Abu-Jaber: I feel like if there’s a choice … between speaking and suppressing yourself that inevitably you have to speak. Audre Lorde once said, ‘Your silence will not protect you.’ That’s a really hard lesson to learn, and sometimes you have to learn that the hard way. It’s an instinct to try to hide if you’re feeling like you’re under attack, to be quiet. And you learn that, unfortunately, what looks like the easy way is often a really bad choice. If you silence yourself, if you try to be good, if you try to be polite, or toe a party line, you end up paying for that in the long run. You pay for it … with your homeland, or with your soul, or with your artistic vision.

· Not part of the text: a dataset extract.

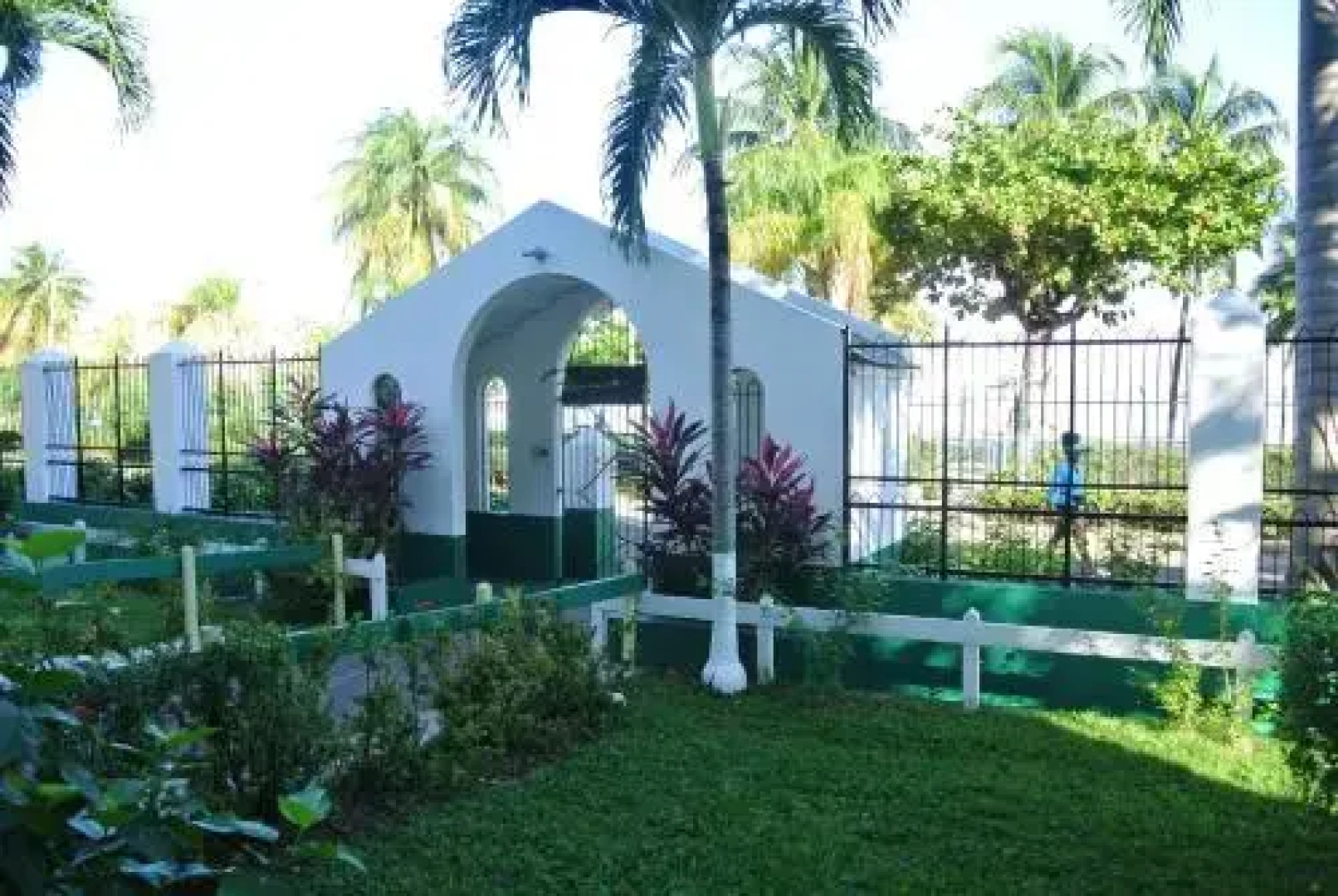 Beach One Bedroom Suite 13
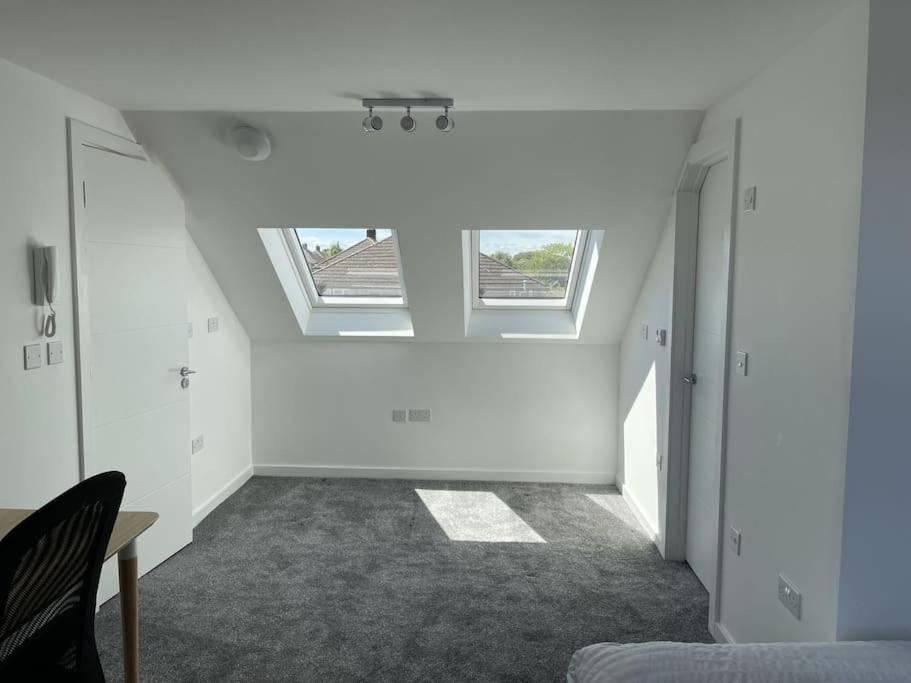Paradigm House, Modern 2-Bedroom Duplex Apartment 2, Free Parking, Oxford Bagian luar foto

Shalal-Esa: Do you get the sense that censorship is on the rise now, after September 11?

Abu-Jaber: There was that essay by Susan Sontag in The New Yorker. It was pretty critical. She said things like that terrorism doesn’t happen … that we should have seen it coming because of our foreign policy. She was really lambasted for the essay. To me it shows you what kind of chilling times we’re living in; that people are being extremely careful about what they say, and how they’re representing themselves. You hear whispers about McCarthyism, that kind of fearfulness. It means that you have to become a lot more cagey and strategic about the way you speak. You have to be smart about it.

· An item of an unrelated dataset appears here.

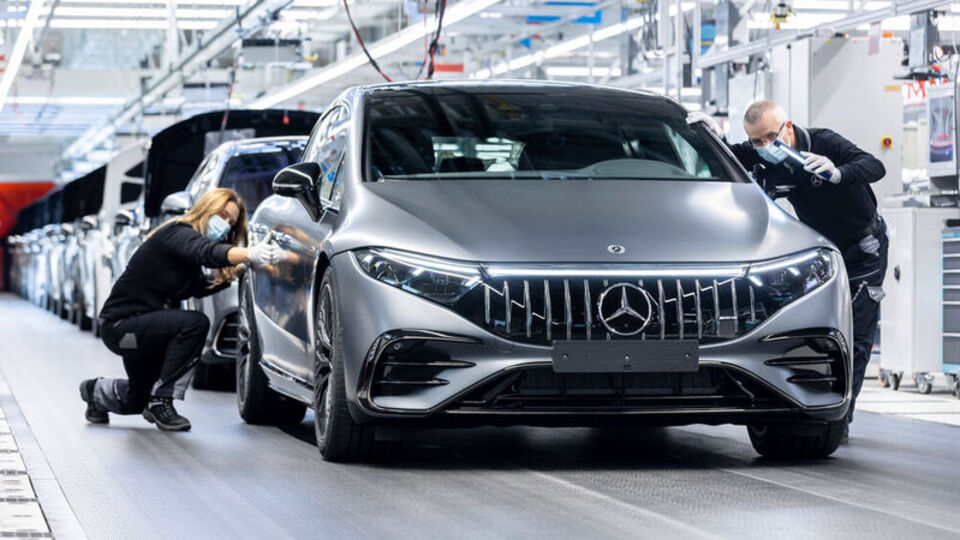 Mercedes-Benz'de yolsuzluk şoku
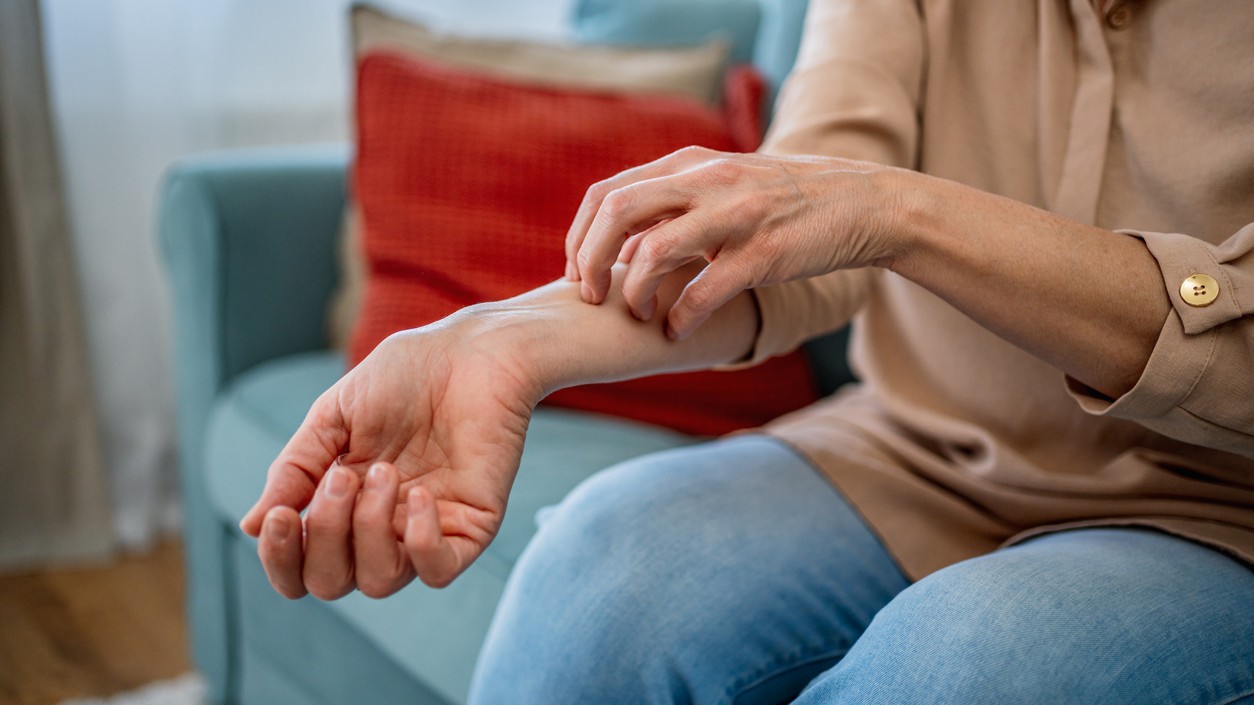 Svrbenie nemusí byť úplne neškodné. (ilustračné foto)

Shalal-Esa: Do you think “Memories of Birth” will ever be published?

Abu-Jaber: My agent thinks so. We were just talking about it. She thinks that we will be able to. We talked about timing. We talked about when is the time to bring out a novel. It’s interesting to me to try to understand how the cultural Zeitgeist affects how an art object is received. I’m not abandoning it at all, not at all. Some small presses made offers on it, but I really want it to have as much of a mainstream audience as it can. So I’m going to revisit it next year.

Shalal-Esa: So what are you working on now? Another novel?

Abu-Jaber: I’m actually working on a food book. It’s a food memoir. It’s a memoir told through food. It’s fun to work on. I’ve been really enjoying myself. Each chapter is about a certain kind of Arabic dish. Then I use that dish to talk about my father’s love affair with food and how we were raised in this totally food-obsessed family, and the implications that the dishes had for us. How each one symbolized a different stage in our evolution as a family, as immigrants.  

This interview appeared in Al Jadid, Vol. 8, No. 39 (Spring 2002).